Eine bemerkenswerte Geschichte über einen kleinen Jungen, der sich mit dem Mörder seiner Eltern anfreundet, ist in diesen Tagen im „Schreiber & Leser“-Verlag erschienen. „Der Mörder weinte“ umreißt das schwierige Verhältnis der beiden, vom Schicksal aneinander gebundenen Existenzen. Die Graphic Novel von Thierry Murat ist eine Adaption des Romans Anne-Laure Bondoux. Im Rahmen des Comics selbst wird in diesem Zusammenhang kaum gesprochen. Der Autor beschränkt sich vorwiegend auf seine vielschichtigen Motive, die den Leser auf eine Reise mitnehmen. Zwischenzeitlich werden immer wieder Textpassagen zwischen geschoben, welche die Handlung voranschreiten lassen.
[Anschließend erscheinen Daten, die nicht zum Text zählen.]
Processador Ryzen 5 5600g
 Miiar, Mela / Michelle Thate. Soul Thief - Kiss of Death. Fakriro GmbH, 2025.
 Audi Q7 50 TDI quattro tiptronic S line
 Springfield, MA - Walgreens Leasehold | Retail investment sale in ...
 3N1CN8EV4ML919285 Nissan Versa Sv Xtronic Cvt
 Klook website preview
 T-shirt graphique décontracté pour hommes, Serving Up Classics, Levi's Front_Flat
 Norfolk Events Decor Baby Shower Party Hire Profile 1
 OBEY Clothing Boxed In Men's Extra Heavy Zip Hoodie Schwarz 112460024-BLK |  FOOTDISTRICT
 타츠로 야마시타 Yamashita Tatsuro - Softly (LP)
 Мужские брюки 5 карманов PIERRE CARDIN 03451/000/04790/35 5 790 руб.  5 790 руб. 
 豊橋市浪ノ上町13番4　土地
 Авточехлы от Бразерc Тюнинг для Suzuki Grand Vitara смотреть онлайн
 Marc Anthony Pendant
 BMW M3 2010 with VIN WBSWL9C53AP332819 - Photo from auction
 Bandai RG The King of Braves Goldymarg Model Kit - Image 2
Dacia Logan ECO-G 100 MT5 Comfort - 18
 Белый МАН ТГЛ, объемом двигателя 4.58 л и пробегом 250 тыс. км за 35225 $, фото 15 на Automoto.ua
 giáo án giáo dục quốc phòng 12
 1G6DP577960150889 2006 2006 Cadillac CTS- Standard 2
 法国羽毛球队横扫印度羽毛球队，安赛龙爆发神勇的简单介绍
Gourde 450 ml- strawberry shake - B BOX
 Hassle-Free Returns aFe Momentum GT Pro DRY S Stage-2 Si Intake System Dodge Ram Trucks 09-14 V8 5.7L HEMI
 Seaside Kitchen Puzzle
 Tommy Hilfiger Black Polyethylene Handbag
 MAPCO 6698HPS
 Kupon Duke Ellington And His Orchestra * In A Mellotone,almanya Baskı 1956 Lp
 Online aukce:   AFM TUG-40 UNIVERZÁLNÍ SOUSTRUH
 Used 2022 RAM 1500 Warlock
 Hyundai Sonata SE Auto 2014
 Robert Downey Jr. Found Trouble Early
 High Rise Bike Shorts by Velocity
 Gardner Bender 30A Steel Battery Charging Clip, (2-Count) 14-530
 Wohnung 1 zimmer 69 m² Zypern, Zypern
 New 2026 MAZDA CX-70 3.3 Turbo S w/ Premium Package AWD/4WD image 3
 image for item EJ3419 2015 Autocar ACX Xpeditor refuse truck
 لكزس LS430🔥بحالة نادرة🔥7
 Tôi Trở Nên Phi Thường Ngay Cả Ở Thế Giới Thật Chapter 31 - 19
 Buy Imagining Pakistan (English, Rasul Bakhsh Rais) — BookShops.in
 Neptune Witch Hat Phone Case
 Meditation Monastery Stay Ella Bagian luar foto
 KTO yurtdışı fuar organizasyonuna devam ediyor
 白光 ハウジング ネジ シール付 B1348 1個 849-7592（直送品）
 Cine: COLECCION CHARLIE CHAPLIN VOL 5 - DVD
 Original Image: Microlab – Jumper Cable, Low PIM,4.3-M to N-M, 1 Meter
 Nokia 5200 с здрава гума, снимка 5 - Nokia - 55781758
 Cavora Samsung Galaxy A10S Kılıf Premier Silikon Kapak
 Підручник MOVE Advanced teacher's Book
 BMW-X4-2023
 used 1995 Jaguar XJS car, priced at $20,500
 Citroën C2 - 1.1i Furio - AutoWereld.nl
Die düsteren Motive machen aufgrund ihrer Weitläufigkeit die Distanz der beiden Charaktere zu ihrer Umwelt deutlich. Alles in dieser Geschichte scheint von Einsamkeit zerfressen und die karge Natur bietet auch keinen echten Rückzugsraum mehr, um für die gescholtene Seele als Rettungsanker zu fungieren. „Der Mörder weinte“ fängt die ganze Hoffnungslosigkeit der Situation treffend ein und macht deutlich, wie gnadenlos das Leben manchmal voranschreitet, wenn selbst der Mörder der eigenen Eltern das Licht am Ende des Tunnels verkörpert. Ob sich das Duo am Ende mit dieser Situation arrangiert oder die Bruchstellen zum Riss des Bandes zwischen den beiden Charakteren führen, was sie letztlich nur noch weiter in Richtung Isolation schubsen würde: am Besten du findest es selbst heraus. Es lohnt sich.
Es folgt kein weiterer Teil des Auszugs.